EXERCISE PROMPT> Write out, with no changes, every line starting at the one that contains "Petzl Tikkina 300" and ending at the last line of the data below. Leave pictures out.

MATERIAL FOR THIS TASK>
####################

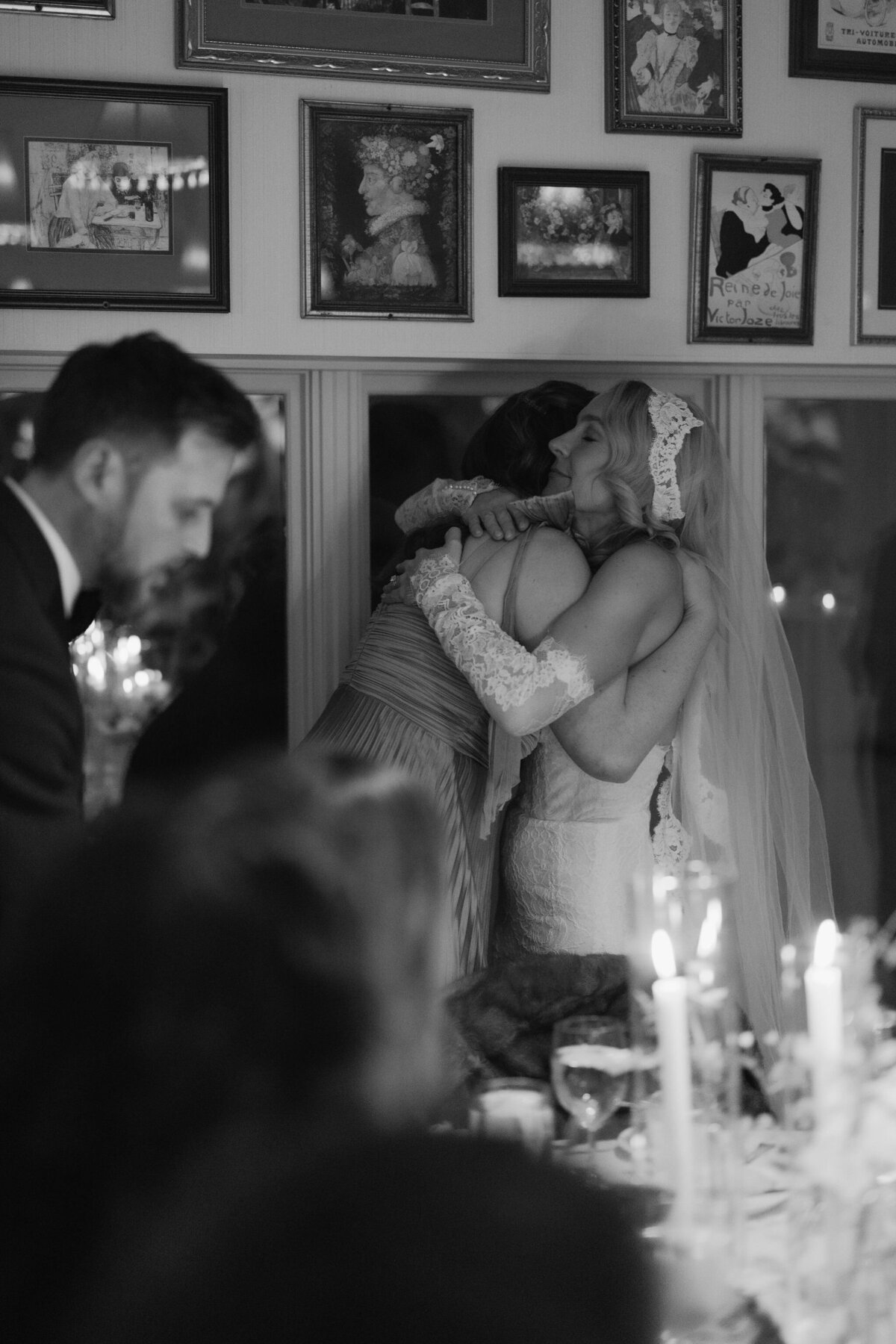 Hannah-Brian-Wedding-191405
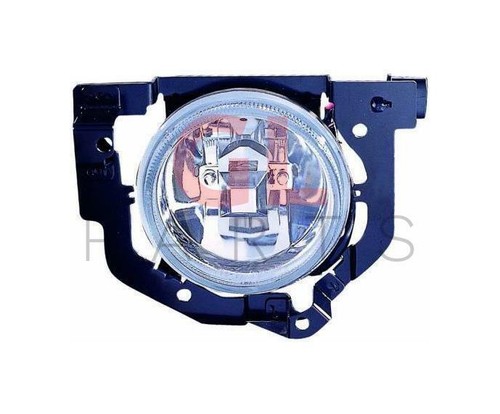 For suzuki grand vitara - for,
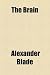 51WwmeS74ZL. SL75  Birth Asphyxia and the Brain: Basic Science and Clinica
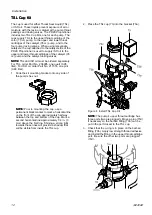 Preview for 12 page of Graco 24R968 Installation-Parts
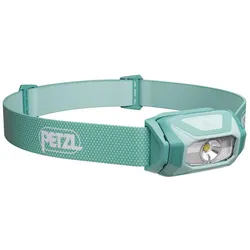 Petzl Tikkina 300 Lumen Stirnlampe - STK - green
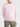 TOMMY HILFIGER PULLOVER ESSENTIAL 1985 ROSA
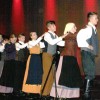 img_8525_000.jpg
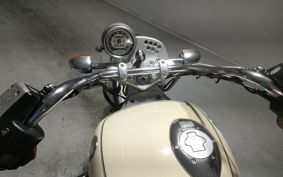 BMW R1200C 1998 0424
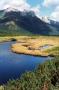 Bílé pleso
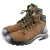 NEO Bocanci de lucru S3 SRC, din piele split, 46 (82-170-46)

####################

ANSWER TO THE EXERCISE>
 Petzl Tikkina 300 Lumen Stirnlampe - STK - green
 TOMMY HILFIGER PULLOVER ESSENTIAL 1985 ROSA
 img_8525_000.jpg
 BMW R1200C 1998 0424
 Bílé pleso
 NEO Bocanci de lucru S3 SRC, din piele split, 46 (82-170-46)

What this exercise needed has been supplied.